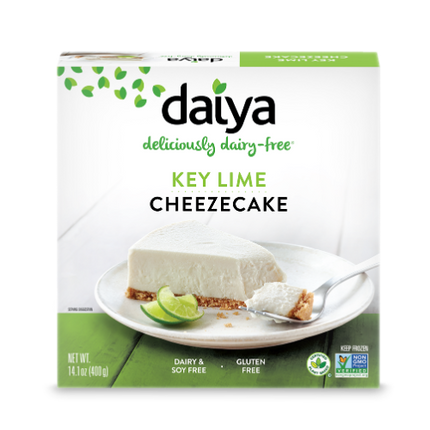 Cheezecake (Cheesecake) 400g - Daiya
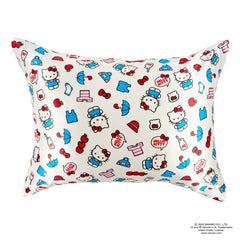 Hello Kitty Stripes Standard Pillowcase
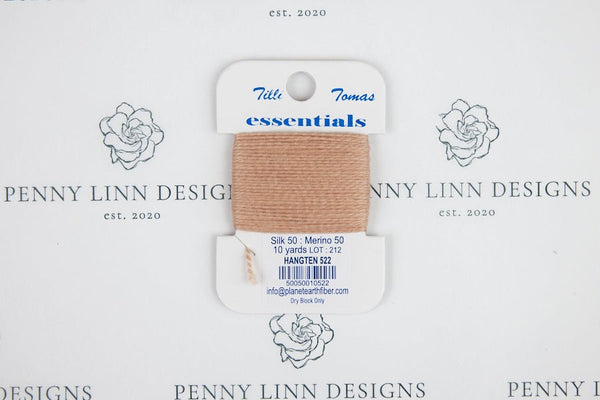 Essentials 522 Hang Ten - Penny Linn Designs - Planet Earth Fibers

__Problem__
With the pictures excluded, the line containing "Hello Kitty Stripes Standard Pillowcase" and every line after it through the end of the data above are to be transcribed exactly, and nothing more.

__Task result__
 Hello Kitty Stripes Standard Pillowcase
 Essentials 522 Hang Ten - Penny Linn Designs - Planet Earth Fibers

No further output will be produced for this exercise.